- [Records for processing]
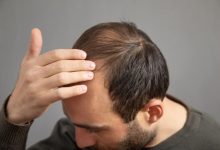O que causa a alopecia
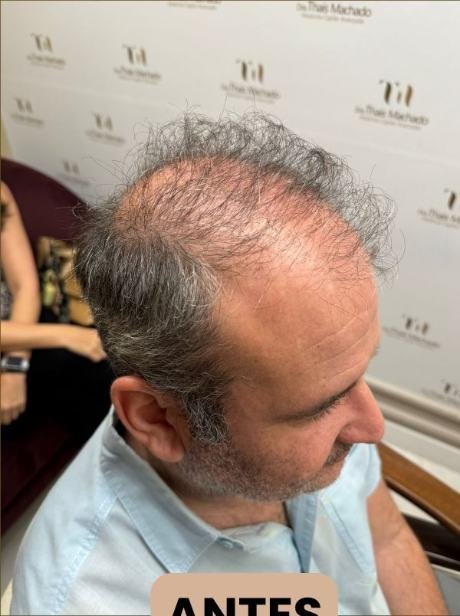 Antes do transplante capilar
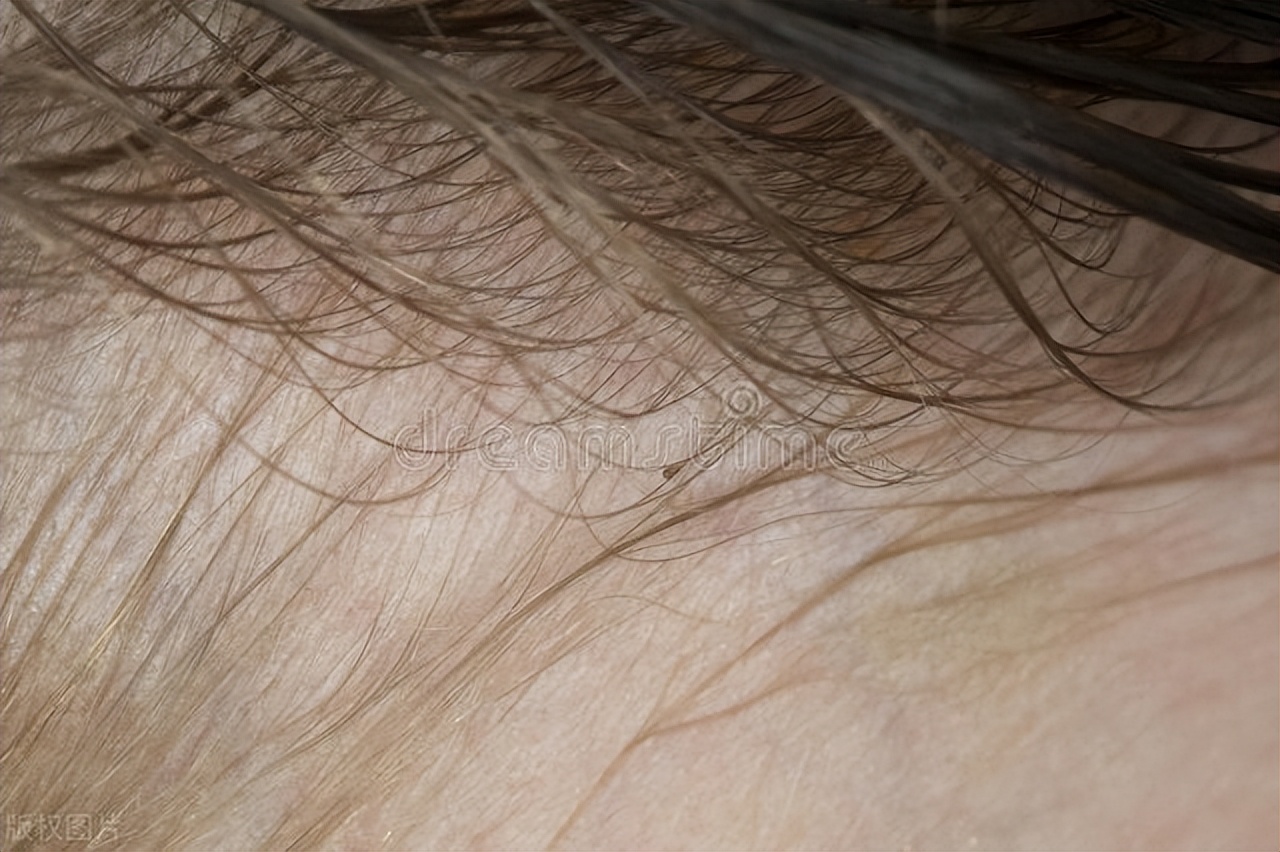 男子阴虱,男子阴虱病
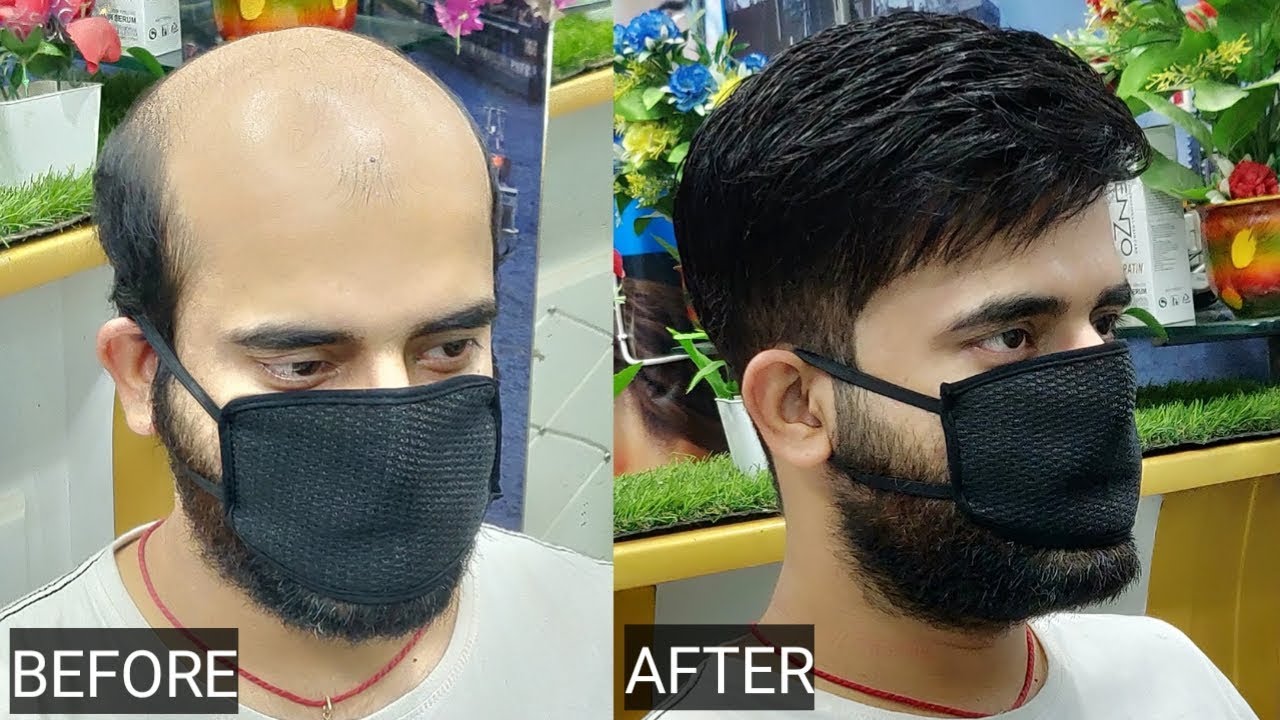 Hair patch, clipping, tapping, bonding, fixing, hair replacement, in Delhi by anas sheikh,9650914665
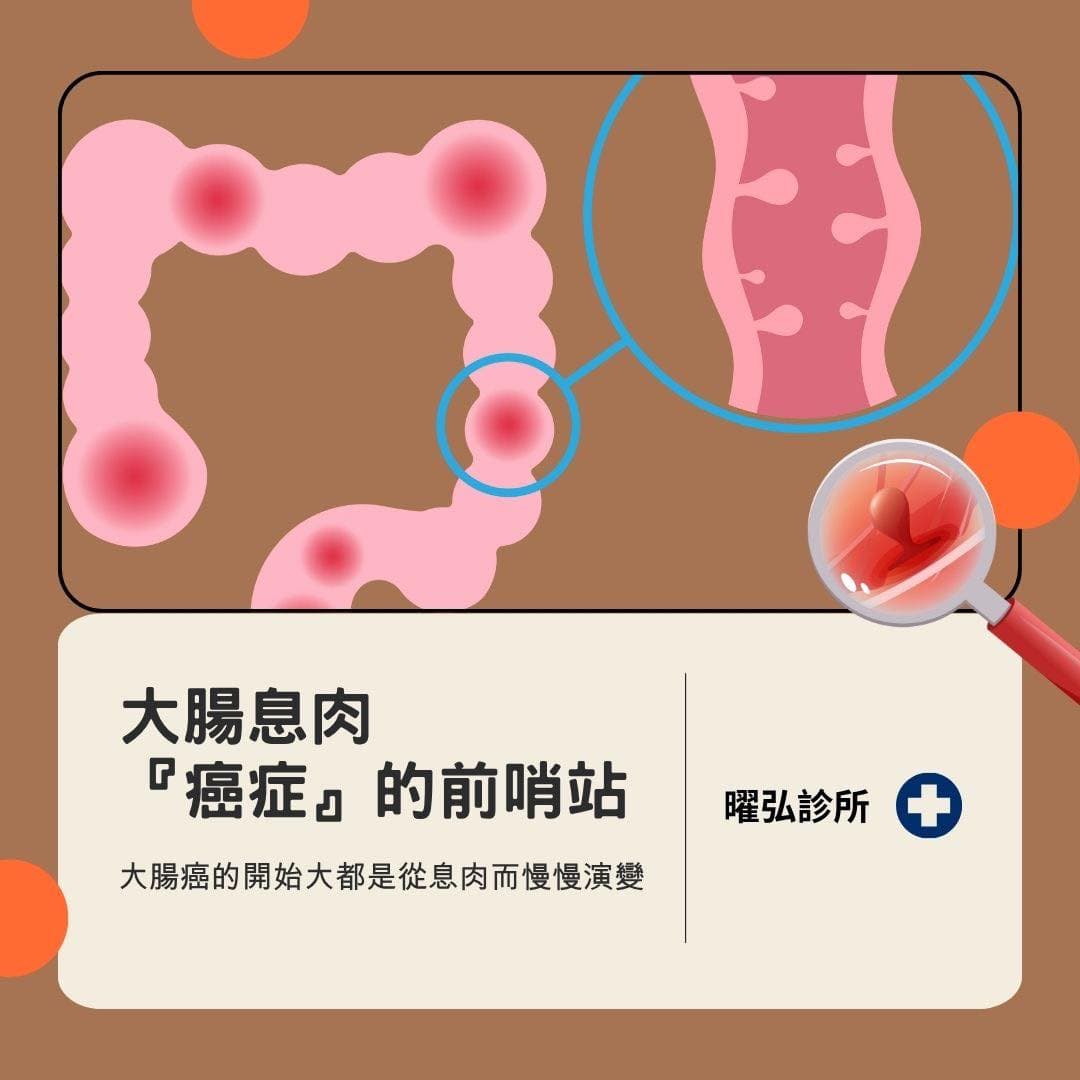 大腸息肉 —🥊 癌症的前哨站 🥊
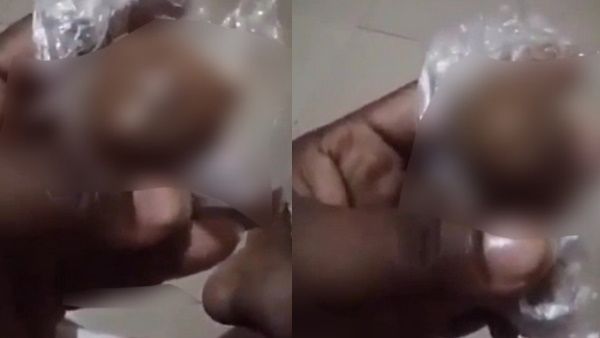 માણસના લિંગ જેવી ચીજ નિકળી માણસના લિંગ જેવી ચીજ નિકળી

- [Directions]
Return all records above verbatim without their pictures.

- [Expected answer]
O que causa a alopecia
 Antes do transplante capilar
 男子阴虱,男子阴虱病
 Hair patch, clipping, tapping, bonding, fixing, hair replacement, in Delhi by anas sheikh,9650914665
 大腸息肉 —🥊 癌症的前哨站 🥊
 માણસના લિંગ જેવી ચીજ નિકળી માણસના લિંગ જેવી ચીજ નિકળી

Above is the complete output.